Material provided -
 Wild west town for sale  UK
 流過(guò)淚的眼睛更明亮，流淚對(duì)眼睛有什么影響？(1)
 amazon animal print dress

Task -
Give back each line above exactly as written.

Answer section -
 Wild west town for sale  UK
 流過(guò)淚的眼睛更明亮，流淚對(duì)眼睛有什么影響？(1)
 amazon animal print dress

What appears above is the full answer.